Printing/displaying like this often will let you know if, for instance, you're selecting rows when you mean to select columns, etc.

### Question 1.1

Load the fake whale dataset (its path is imported above in `FAKE_WHALE_DATASET_PATH`).
You will need to specify that column `0` contains the index

In [None]:
whale_df = ...

### Question 1.2

The pandas functions `df.head(N)` selects the first `N` rows of the DataFrame. 
Use it to examine the dataset and familiarize yourself with it.
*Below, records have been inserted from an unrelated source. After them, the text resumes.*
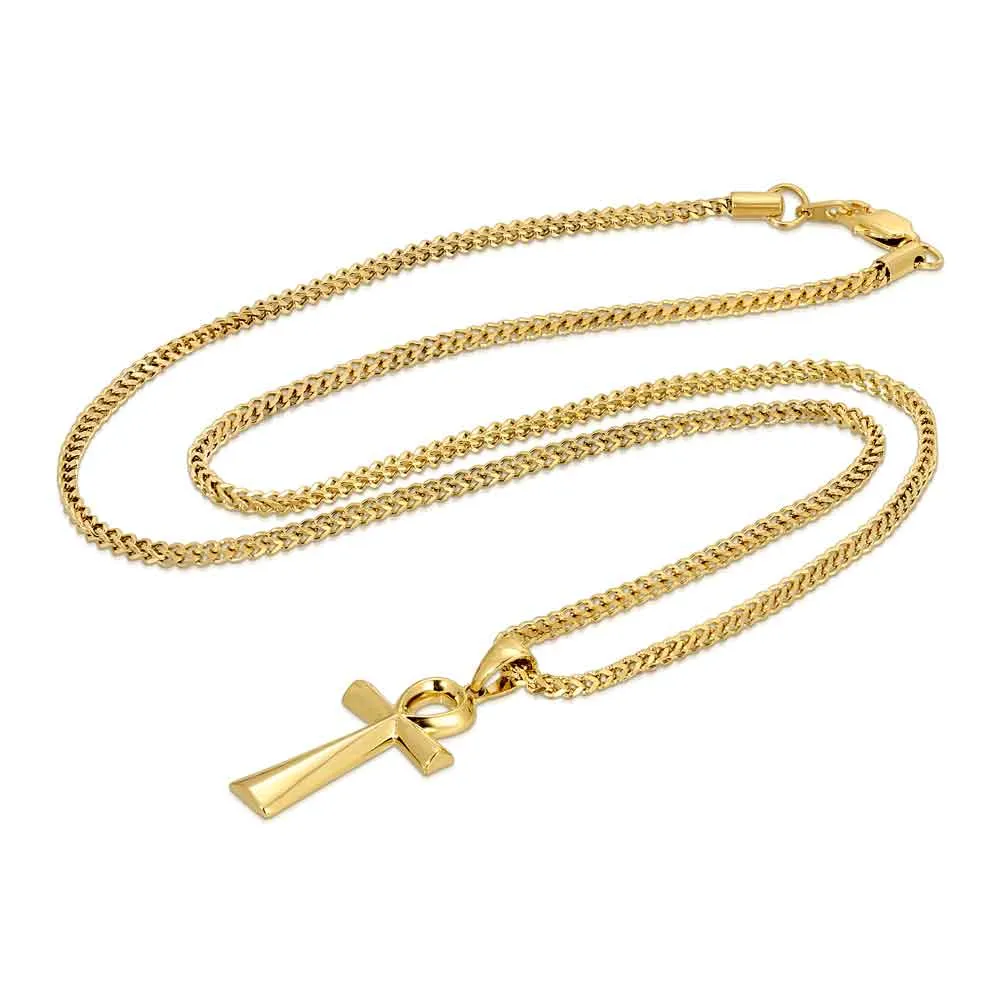 Micro Ankh Cross Necklace Pendant & Franco Chain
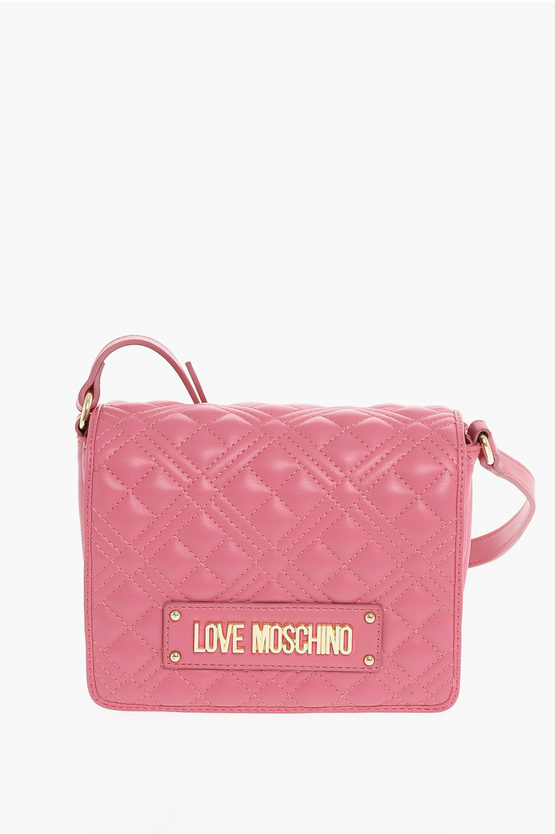 Moschino Love Ecoleather Quilted Shoulder Bag In Pink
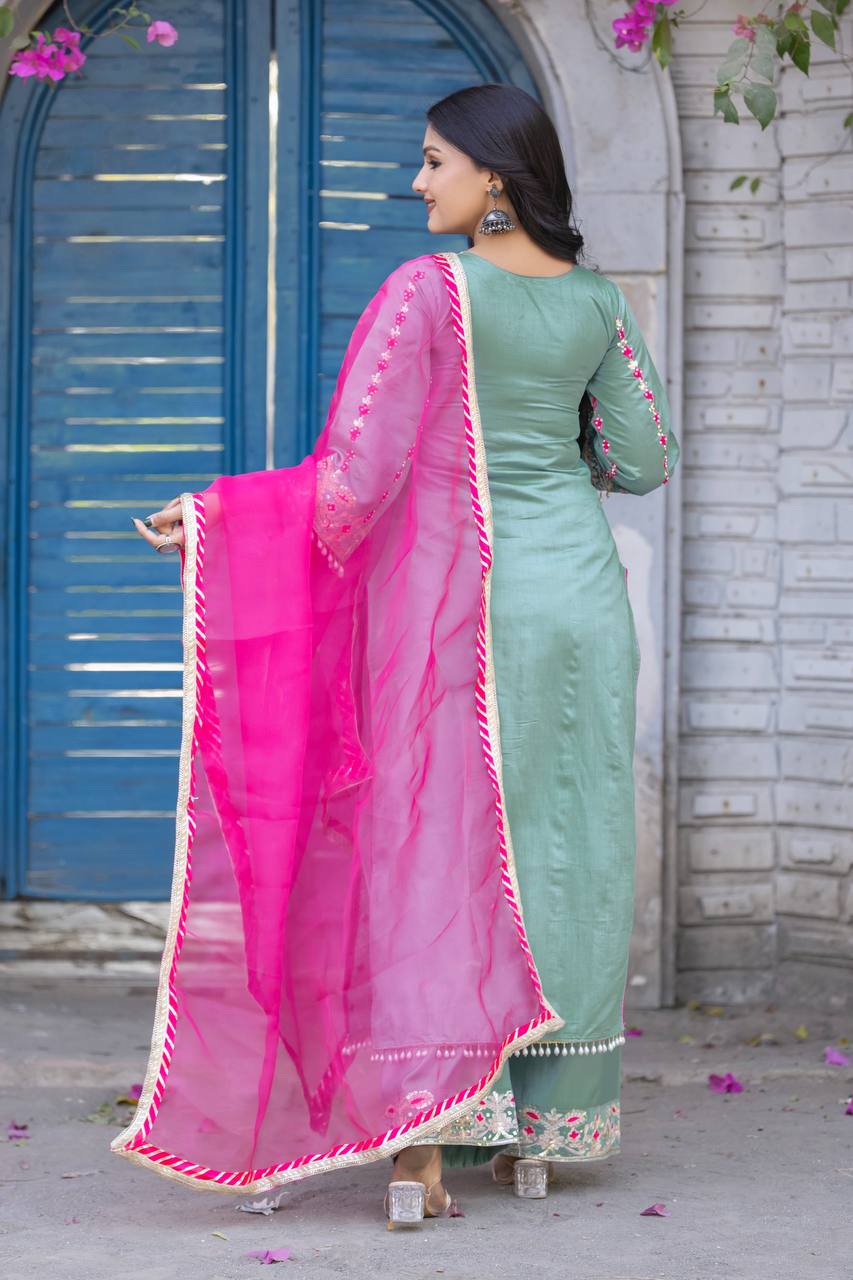 Exclusive Sky Green Color Heavy Chine Stitch Work With Full Heavy Fancy Hand Work Palazoo Suit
*HINT: Put a single call to `.head` in the cell below instead of using `print`. Pandas objects render better when displayed like this in Jupyter notebooks.*

In [None]:
...

### Question 1.3

Select the size of all whales in the dataset.

If you use `whale_df.size`, what goes wrong?

In [None]:
whale_sizes = ...

### Question 1.4

Select the weight of the whale at index 567.

In [None]:
whale_567_weight = ...

### Question 1.5

Select the age and whale_type of the first 100 whales.

In [None]:
age_whale_type_first_100 = ...

### Question 1.6

Select the index of the largest whale (in size) in the dataset.
* You can use `whale_sizes` that you created above and which contains the sizes of all whales.
* Use `idxmax` (index-max) on this Series to find the index of the largest whale.

In [None]:
largest_whale_index = ...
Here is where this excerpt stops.